The helper function below allows you to pass in the number of bytes you want the file to have, the file name, and a sample content for the file to be repeated to make up the desired file size:

def create_temp_file(size, file_name, file_content):
    random_file_name = ''.join([str(uuid.uuid4().hex[:6]), file_name])
    with open(random_file_name, 'w') as f:
        f.write(str(file_content) * size)
    return random_file_name

Create your first file, which you’ll be using shortly:

first_file_name = create_temp_file(300, 'firstfile.txt', 'f')   

By adding randomness to your file names, you can efficiently distribute your data within your S3 bucket.

Creating Bucket and Object Instances

The next step after creating your file is to see how to integrate it into your S3 workflow.

This is where the resource’s classes play an important role, as these abstractions make it easy to work with S3.

By using the resource, you have access to the high-level classes (Bucket and Object).

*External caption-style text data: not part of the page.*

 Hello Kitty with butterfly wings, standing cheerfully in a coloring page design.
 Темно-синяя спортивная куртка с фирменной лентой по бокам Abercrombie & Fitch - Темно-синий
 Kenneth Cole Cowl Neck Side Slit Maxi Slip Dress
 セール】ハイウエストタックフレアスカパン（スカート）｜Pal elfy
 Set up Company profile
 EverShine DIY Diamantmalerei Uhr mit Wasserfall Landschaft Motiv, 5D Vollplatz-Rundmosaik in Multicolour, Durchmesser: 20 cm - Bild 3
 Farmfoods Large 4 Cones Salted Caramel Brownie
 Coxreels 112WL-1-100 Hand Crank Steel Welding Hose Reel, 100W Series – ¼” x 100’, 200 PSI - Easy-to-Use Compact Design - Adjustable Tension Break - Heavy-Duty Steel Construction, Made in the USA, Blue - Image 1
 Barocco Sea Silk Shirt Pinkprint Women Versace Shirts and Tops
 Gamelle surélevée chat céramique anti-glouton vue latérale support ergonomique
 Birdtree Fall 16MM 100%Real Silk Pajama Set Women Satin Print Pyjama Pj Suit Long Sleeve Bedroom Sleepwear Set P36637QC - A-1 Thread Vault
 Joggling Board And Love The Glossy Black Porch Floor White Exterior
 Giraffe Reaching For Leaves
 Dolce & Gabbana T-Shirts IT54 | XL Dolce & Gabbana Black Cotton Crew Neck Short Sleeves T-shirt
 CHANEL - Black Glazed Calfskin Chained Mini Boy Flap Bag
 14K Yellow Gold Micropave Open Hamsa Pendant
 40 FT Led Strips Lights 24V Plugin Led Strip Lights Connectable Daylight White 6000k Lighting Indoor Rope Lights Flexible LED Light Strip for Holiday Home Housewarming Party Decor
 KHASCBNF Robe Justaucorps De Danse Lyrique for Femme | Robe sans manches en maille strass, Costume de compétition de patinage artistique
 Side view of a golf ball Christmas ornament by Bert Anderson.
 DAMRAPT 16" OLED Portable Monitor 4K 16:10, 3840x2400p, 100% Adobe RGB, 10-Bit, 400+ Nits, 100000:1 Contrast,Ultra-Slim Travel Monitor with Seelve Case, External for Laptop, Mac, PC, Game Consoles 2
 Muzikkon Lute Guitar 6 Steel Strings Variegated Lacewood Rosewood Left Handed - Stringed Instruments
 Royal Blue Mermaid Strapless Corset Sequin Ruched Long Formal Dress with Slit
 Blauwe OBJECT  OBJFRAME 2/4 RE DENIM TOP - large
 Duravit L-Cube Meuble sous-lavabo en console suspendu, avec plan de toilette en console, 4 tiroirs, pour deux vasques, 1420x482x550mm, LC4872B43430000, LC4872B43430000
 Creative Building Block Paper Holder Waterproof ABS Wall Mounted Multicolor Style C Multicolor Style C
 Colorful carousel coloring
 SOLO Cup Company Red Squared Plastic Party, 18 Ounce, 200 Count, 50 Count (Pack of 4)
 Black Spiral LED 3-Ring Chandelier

This is how you can create one of each:

first_bucket = s3_resource.Bucket(name=first_bucket_name)
first_object = s3_resource.Object(
    bucket_name=first_bucket_name, key=first_file_name)

The reason you have not seen any errors with creating the first_object variable is that Boto3 doesn’t make calls to AWS to create the reference. The bucket_name and the key are called identifiers, and they are the necessary parameters to create an Object. Any other attribute of an Object, such as its size, is lazily loaded. This means that for Boto3 to get the requested attributes, it has to make calls to AWS.

Understanding Sub-resources

Bucket and Object are sub-resources of one another. Sub-resources are methods that create a new instance of a child resource. The parent’s identifiers get passed to the child resource.

If you have a Bucket variable, you can create an Object directly:

first_object_again = first_bucket.Object(first_file_name)

Or if you have an Object variable, then you can get the Bucket:

first_bucket_again = first_object.Bucket()

Great, you now understand how to generate a Bucket and an Object. Next, you’ll get to upload your newly generated file to S3 using these constructs.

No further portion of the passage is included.